If the events of the layer contain links to additional sources, you don’t have to specify those sources in the layer’s metadata. For example, let’s say there is an article on Wikipedia with a list of rulers of some country. And the list contains only years of reign of each ruler, but doesn’t provide specific dates. However, let’s say, you can find out specific dates if you open Wikipedia pages dedicated to each ruler. So you can use specific dates on the Timeline, and in the list of sources of your layer you only have to specify one Wikipedia article (the one containing the list of rulers without specific dates). All the other pages are one click away anyway, and so, if someone is curious where the specific dates come from, they can click on the ruler they are interested in and see those dates on Wikipedia.

Conflicting sources

Sometimes sources for different layers may conflict with each other. In general, if the sources are legit, we shouldn’t care if they conflict with each other or not. The Timeline of History is not about creating a single perfect version of history. It’s a place where you can put all the versions of history and compare them to each other. That is as long as those versions have something to back them up. We are not talking about pseudo scientific fantasies here.

For example, we can use both middle chronology and short chronology to have two different versions of the same events in two different layers.
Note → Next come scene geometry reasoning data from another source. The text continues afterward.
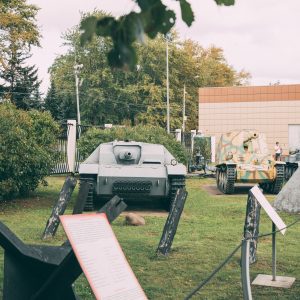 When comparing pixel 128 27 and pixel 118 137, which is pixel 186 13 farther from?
pixel 118 137

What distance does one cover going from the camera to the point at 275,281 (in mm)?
6664

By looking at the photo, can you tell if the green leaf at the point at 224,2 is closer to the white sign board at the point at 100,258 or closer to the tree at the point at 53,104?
the white sign board at the point at 100,258

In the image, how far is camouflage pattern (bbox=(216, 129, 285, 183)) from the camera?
679 inches

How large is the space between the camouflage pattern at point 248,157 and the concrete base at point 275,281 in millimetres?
10344

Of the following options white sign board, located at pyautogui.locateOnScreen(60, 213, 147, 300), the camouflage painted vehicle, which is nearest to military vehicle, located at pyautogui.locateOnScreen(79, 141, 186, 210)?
the camouflage painted vehicle

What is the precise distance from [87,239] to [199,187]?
52.2ft

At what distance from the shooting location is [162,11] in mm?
2311

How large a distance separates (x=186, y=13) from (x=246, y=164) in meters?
15.4

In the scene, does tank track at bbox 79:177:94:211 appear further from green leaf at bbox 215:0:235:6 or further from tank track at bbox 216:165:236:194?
green leaf at bbox 215:0:235:6

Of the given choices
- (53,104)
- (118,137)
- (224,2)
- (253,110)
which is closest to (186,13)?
(224,2)

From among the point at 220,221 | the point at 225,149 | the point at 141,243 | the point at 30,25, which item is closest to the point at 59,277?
the point at 141,243

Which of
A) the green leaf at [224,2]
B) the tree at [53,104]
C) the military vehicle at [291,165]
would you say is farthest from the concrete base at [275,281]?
the tree at [53,104]

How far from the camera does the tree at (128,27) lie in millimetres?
2131

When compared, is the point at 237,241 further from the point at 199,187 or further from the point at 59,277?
the point at 199,187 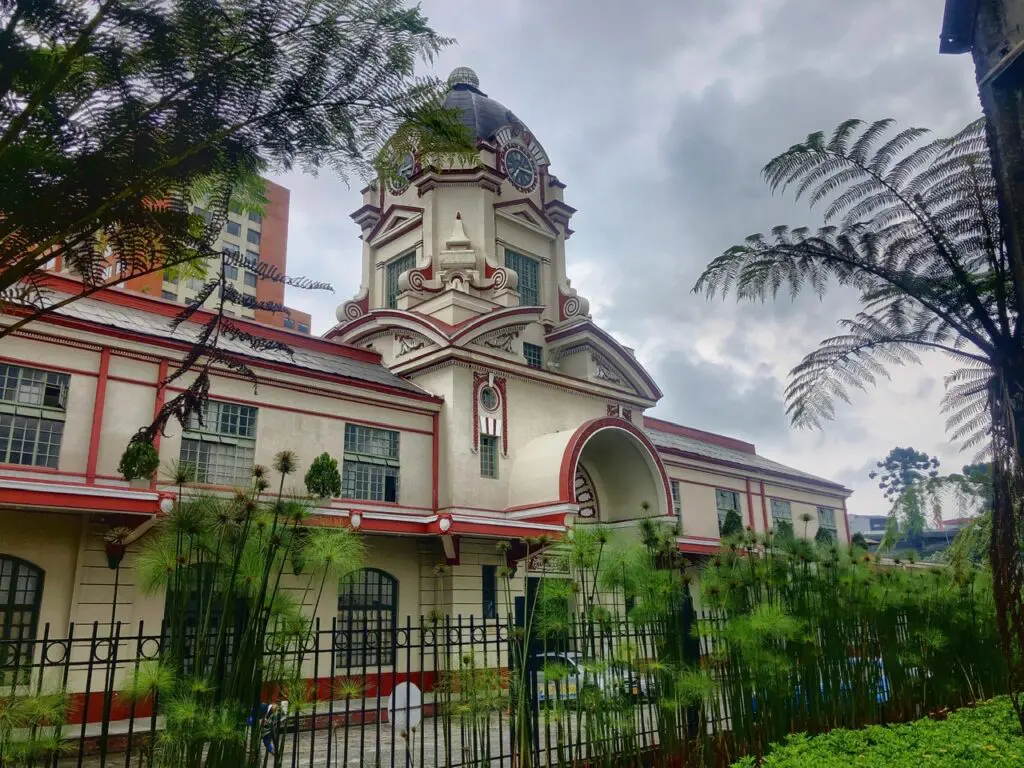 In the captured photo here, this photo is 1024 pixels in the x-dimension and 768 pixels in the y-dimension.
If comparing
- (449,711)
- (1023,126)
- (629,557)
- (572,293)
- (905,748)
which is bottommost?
(905,748)

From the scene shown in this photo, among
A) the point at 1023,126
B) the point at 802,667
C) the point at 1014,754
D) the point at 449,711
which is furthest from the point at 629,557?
the point at 1023,126

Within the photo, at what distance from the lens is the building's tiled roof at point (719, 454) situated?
95.6 feet

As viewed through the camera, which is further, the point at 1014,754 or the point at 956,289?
the point at 956,289

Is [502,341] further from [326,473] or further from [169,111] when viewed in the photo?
[169,111]

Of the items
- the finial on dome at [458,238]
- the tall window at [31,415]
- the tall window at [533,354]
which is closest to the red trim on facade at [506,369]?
the tall window at [533,354]

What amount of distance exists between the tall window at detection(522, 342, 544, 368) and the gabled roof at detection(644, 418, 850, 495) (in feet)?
19.3

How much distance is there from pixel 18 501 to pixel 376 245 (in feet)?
53.3

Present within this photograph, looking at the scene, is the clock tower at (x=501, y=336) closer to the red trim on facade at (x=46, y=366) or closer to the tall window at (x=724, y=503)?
the tall window at (x=724, y=503)

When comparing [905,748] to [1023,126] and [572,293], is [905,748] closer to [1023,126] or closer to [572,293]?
[1023,126]

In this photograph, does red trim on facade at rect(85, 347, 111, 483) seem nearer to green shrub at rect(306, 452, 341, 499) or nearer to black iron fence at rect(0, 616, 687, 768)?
green shrub at rect(306, 452, 341, 499)

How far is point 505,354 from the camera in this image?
849 inches

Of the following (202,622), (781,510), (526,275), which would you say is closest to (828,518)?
(781,510)

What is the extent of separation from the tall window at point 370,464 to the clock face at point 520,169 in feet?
36.8

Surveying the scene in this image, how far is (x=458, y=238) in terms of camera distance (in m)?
23.9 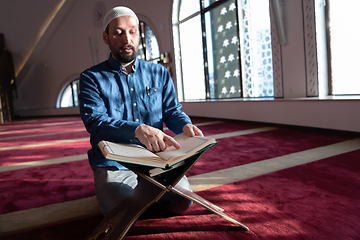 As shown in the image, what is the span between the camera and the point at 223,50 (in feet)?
22.6

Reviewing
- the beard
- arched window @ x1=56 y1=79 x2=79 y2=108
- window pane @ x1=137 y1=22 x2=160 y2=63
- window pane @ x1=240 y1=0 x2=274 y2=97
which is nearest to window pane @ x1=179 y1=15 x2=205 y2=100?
window pane @ x1=137 y1=22 x2=160 y2=63

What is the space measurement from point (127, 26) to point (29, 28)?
14183mm

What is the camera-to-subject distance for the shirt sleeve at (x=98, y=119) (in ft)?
4.64

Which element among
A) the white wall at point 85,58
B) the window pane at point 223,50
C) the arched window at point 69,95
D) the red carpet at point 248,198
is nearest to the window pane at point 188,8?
the white wall at point 85,58

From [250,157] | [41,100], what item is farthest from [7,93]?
[250,157]

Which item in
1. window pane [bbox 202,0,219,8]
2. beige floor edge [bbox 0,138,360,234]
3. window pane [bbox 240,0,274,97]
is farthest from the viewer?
window pane [bbox 202,0,219,8]

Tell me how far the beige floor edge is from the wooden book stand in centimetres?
49

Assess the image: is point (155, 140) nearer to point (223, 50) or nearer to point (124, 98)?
point (124, 98)

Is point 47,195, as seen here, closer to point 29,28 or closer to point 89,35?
point 89,35

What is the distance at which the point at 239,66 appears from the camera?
6.35 meters

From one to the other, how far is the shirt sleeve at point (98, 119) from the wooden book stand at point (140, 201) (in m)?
0.25

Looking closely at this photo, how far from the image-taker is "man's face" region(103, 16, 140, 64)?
1.59 metres

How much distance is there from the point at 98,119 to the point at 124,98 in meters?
0.25

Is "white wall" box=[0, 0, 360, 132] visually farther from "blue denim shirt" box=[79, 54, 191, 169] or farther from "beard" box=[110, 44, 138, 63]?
"beard" box=[110, 44, 138, 63] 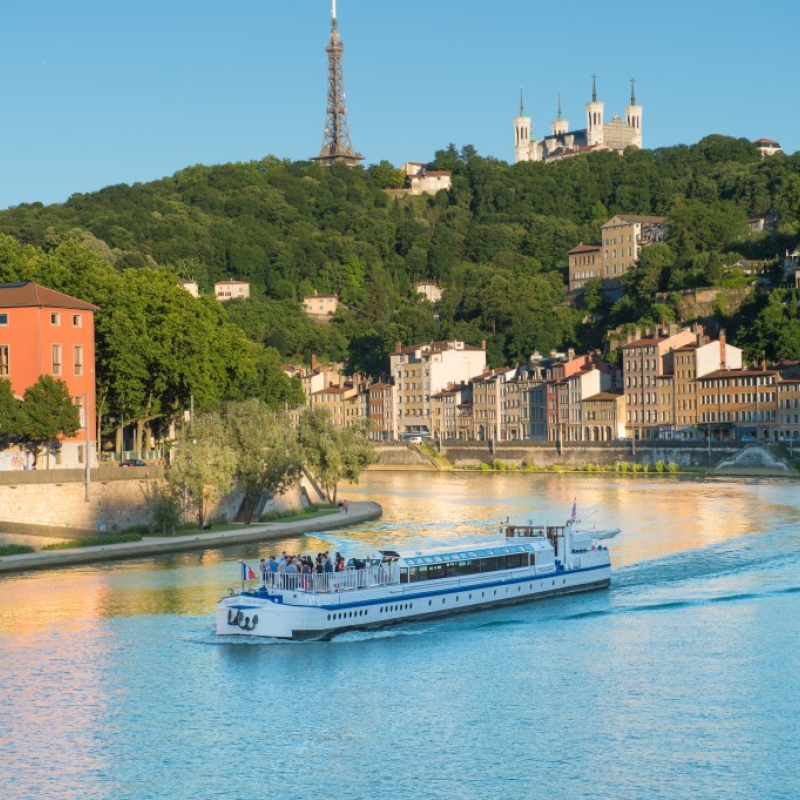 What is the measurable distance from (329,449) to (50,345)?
15734mm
MiddleVsShortChronology.png

Now we can visually compare them. And it’s totally fine.

Here is another example:

QuintillusConflict.png

One layer says that Quintillus began his reign in April 270, while another layer says he died in April 270. If one of the sources has an error in it, then such error should be fixed. You can always fix errors on Wikipedia. However, if we genuinely don’t know when Quintillus died and the sources simply cite two different versions which come from two different books, and one version is not better then the other, then it’s OK to just show the conflicting versions of history on the Timeline.

The fact that we can visualise the conflict of versions of history on the Timeline is actually a good thing.